Extracted entries >>
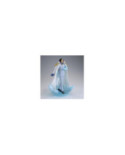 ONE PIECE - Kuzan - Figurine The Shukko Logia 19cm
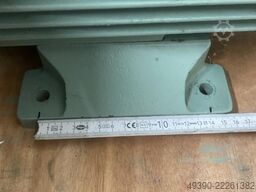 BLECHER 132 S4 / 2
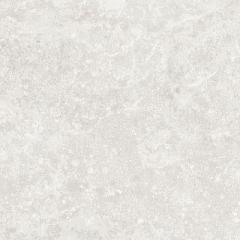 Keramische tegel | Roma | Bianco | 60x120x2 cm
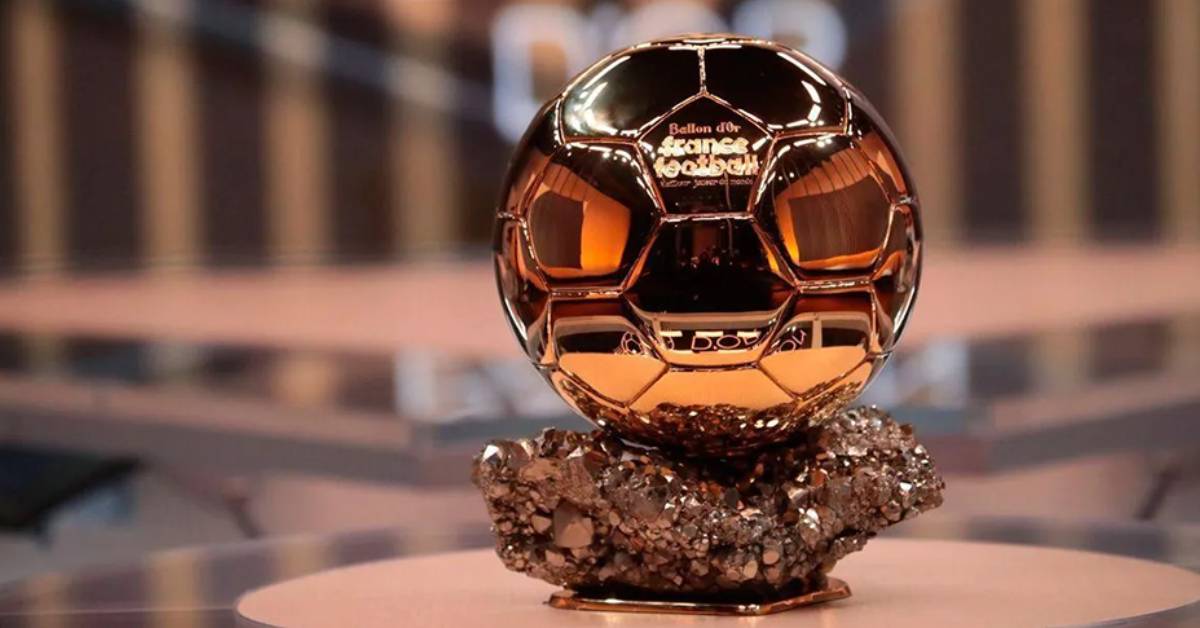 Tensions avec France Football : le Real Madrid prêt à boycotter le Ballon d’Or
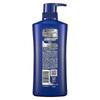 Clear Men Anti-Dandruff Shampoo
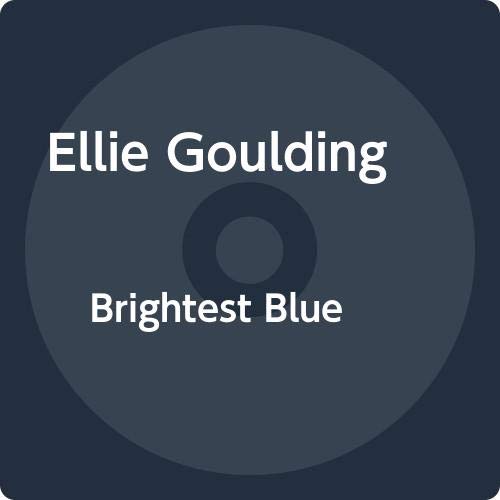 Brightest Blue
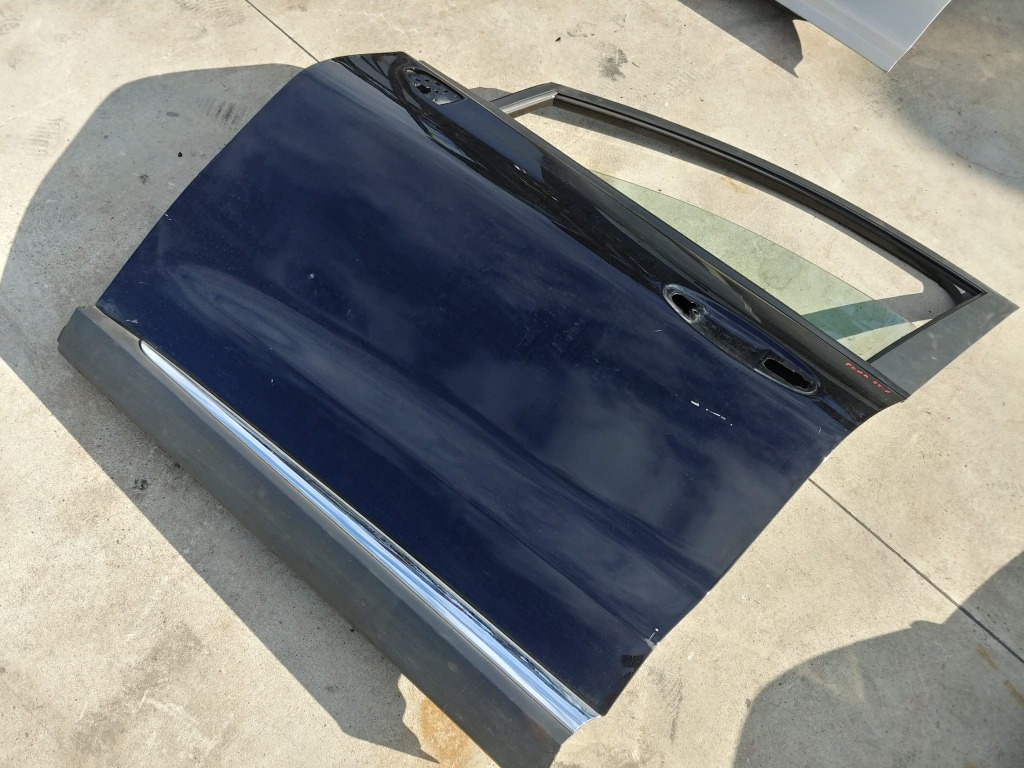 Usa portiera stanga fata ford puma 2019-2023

What to work on >>
Repeat the entries word for word and skip the pictures.

Answer for the task >>
 ONE PIECE - Kuzan - Figurine The Shukko Logia 19cm
 BLECHER 132 S4 / 2
 Keramische tegel | Roma | Bianco | 60x120x2 cm
 Tensions avec France Football : le Real Madrid prêt à boycotter le Ballon d’Or
 Clear Men Anti-Dandruff Shampoo
 Brightest Blue
 Usa portiera stanga fata ford puma 2019-2023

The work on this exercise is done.